* _Work required_: Write exactly, with no line omitted or added, the span beginning at the line that holds "Fuel recovery stabilizer lung 117.010" and ending at the last line of the records.

Listed records START

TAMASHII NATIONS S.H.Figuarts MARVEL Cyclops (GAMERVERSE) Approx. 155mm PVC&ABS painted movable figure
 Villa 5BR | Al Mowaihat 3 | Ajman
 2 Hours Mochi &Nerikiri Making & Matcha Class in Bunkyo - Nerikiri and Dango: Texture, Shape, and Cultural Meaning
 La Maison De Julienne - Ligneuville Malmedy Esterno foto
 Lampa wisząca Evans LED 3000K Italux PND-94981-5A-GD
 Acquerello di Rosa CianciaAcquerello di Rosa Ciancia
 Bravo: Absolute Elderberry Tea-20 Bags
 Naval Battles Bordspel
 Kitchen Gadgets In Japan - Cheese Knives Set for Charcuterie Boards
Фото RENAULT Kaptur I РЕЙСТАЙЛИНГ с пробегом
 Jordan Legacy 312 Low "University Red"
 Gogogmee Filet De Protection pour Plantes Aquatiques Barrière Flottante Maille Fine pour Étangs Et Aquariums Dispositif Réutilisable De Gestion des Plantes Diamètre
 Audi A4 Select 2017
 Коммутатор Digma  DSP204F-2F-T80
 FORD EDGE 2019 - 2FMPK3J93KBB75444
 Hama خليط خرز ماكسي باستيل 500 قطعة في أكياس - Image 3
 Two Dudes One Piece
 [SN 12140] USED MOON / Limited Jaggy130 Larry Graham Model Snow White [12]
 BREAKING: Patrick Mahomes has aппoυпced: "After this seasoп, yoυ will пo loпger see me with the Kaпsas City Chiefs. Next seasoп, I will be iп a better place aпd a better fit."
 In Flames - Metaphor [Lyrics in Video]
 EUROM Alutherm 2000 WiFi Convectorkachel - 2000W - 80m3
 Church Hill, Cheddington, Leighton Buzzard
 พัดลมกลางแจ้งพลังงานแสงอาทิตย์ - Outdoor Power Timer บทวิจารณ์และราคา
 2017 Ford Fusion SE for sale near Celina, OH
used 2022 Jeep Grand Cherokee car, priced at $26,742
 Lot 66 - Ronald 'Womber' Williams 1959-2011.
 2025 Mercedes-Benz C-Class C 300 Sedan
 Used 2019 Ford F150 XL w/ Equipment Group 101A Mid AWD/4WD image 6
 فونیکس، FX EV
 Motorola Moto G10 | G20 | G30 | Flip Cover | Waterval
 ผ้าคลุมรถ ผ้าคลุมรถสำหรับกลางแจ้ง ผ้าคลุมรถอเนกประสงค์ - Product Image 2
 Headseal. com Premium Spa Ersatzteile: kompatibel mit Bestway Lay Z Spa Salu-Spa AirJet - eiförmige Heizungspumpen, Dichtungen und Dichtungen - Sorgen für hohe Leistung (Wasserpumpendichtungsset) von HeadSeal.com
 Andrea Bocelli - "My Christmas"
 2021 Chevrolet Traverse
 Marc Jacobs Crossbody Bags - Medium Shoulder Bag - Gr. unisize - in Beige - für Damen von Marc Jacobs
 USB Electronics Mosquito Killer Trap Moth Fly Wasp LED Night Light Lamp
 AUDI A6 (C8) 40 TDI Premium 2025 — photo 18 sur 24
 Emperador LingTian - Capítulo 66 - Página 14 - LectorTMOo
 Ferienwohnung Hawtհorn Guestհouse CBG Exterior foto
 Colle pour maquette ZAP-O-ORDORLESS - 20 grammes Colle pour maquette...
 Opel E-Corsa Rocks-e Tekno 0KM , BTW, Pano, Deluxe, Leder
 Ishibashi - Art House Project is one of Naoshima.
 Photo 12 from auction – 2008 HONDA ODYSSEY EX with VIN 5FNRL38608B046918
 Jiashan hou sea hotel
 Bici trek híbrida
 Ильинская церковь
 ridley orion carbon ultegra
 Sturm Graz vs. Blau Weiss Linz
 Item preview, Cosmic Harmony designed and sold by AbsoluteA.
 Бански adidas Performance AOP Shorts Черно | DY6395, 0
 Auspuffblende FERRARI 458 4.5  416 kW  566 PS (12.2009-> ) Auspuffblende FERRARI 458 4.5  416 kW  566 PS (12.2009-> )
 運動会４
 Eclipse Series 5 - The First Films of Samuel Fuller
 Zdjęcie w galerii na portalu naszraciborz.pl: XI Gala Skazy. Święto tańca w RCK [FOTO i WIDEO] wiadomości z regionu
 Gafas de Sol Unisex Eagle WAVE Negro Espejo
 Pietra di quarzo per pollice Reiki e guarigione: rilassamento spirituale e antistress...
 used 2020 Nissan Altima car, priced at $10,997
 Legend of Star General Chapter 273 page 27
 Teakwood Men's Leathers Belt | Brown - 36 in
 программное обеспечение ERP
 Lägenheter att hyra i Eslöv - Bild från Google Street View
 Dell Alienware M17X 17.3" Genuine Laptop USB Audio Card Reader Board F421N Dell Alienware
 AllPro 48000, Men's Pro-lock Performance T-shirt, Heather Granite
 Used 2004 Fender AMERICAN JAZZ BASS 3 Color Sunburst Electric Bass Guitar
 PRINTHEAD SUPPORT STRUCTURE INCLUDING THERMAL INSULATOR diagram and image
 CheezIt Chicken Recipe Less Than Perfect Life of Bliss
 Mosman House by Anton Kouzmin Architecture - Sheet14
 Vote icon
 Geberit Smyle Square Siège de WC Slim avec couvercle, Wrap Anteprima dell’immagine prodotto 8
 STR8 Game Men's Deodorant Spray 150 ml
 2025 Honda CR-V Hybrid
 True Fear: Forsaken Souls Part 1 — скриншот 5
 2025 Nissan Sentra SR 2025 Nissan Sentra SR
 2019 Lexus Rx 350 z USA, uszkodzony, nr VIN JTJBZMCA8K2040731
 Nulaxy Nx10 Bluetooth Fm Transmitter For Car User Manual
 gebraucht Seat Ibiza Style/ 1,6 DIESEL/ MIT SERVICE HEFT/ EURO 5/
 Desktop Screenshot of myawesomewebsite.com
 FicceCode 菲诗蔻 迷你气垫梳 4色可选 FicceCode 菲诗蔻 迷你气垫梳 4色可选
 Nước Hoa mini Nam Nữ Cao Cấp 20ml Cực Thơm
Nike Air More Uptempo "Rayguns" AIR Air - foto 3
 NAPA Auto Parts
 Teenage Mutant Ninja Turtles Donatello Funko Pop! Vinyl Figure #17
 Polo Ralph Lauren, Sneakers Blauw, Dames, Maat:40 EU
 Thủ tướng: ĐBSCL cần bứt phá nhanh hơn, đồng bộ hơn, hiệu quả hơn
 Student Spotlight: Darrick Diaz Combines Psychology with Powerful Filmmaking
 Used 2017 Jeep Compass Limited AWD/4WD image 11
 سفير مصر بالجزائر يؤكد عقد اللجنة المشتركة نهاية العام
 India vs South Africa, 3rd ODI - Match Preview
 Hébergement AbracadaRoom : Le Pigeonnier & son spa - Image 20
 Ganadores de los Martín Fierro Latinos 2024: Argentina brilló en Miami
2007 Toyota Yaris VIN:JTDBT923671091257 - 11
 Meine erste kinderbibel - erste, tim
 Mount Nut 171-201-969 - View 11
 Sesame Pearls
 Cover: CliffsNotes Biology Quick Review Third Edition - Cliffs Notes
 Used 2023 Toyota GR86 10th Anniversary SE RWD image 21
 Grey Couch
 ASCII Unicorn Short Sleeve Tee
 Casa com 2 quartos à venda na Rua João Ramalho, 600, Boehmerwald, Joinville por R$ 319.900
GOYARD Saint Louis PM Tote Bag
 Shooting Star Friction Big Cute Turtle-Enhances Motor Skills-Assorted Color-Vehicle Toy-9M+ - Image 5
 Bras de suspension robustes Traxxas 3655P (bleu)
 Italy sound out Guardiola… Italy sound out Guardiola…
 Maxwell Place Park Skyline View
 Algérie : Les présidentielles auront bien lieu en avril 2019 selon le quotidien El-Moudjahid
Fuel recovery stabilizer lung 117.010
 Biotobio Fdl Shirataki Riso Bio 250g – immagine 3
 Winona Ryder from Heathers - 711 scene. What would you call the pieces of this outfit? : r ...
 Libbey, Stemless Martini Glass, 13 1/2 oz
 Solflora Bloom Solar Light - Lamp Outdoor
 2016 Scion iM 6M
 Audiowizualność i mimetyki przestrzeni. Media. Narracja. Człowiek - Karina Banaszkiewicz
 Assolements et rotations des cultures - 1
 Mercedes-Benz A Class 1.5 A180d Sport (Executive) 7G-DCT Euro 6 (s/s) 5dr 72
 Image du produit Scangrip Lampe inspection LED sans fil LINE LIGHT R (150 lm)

Listed records END

* _Response to the exercise_:
Fuel recovery stabilizer lung 117.010
 Biotobio Fdl Shirataki Riso Bio 250g – immagine 3
 Winona Ryder from Heathers - 711 scene. What would you call the pieces of this outfit? : r ...
 Libbey, Stemless Martini Glass, 13 1/2 oz
 Solflora Bloom Solar Light - Lamp Outdoor
 2016 Scion iM 6M
 Audiowizualność i mimetyki przestrzeni. Media. Narracja. Człowiek - Karina Banaszkiewicz
 Assolements et rotations des cultures - 1
 Mercedes-Benz A Class 1.5 A180d Sport (Executive) 7G-DCT Euro 6 (s/s) 5dr 72
 Image du produit Scangrip Lampe inspection LED sans fil LINE LIGHT R (150 lm)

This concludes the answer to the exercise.